This is with reference to Supreme Court judgement dated 11-04-2019 in case of Nissin Brake India Pvt. Ltd where the transaction between  the Indian entity and parent company with respect to deputation of its employees in India was discussed and the decision pronounced by the CESTAT (Delhi) was upheld by the apex court.

Facts of the case
The assessee had entered into an agreement with its overseas parent company in Japan for payment of salary and other perquisites for employees deputed from such parent company. The employees deputed by the parent company operated under the control, direction and supervision of the assessee. Further, the assessee withheld tax on the salary paid to such employees as per the requirements of the Income-tax Act, 1961. The salary payment to such employees was disbursed by the overseas parent company. Subsequently, the salary cost was reimbursed to the parent company by the assessee.

The Revenue sought to tax such reimbursement of salary as manpower supply services and demanded service tax under the reverse charge mechanism.

The Tribunal ruled in favour of the assessee, after which the Revenue had filed an appeal with the Supreme Court (SC).

Supreme Court’s decision
The SC dismissed the appeal filed by the Revenue and upheld the Tribunal’s ruling.

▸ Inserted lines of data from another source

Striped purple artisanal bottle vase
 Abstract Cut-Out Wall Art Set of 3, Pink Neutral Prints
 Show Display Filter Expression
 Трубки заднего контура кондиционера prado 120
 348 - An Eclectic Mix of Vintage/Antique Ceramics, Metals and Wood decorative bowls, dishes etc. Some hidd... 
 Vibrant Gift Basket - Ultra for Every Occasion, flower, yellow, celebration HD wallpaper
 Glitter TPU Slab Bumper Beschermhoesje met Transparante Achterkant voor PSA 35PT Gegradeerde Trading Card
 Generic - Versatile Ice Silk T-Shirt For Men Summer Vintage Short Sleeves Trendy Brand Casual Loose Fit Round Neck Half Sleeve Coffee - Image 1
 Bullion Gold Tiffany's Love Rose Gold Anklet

While determining the nature of service, it made the following key observations:

1. The deputed person works under the control, direction and supervision of the assessee, and the compliance to withhold tax was also undertaken as an employer by the assessee.

2. The assessee did not pay any direct or indirect compensation to its parent company for the deployment of employees, apart from the reimbursement of salary at cost.

3. The terms of the agreement makes it clear that the relationship between the assessee and the deputed employee is that of employer-employee.

4. Method of salary disbursement [through a group company] will not result in provision of service.

This decision is in favour of the industry where such type of transactions exists between Indian company and foreign company and put an end to the several pending litigations at various forums. This SC decision has laid down the essential principle that needs to be considered while determining an employer-employee relationship. Hence, the same is essentially dependent upon the contractual terms of the agreement entered between companies. The decision pertains to the service tax regime, the industry should assess whether the tax authorities will accept the said position in the GST regime also or not.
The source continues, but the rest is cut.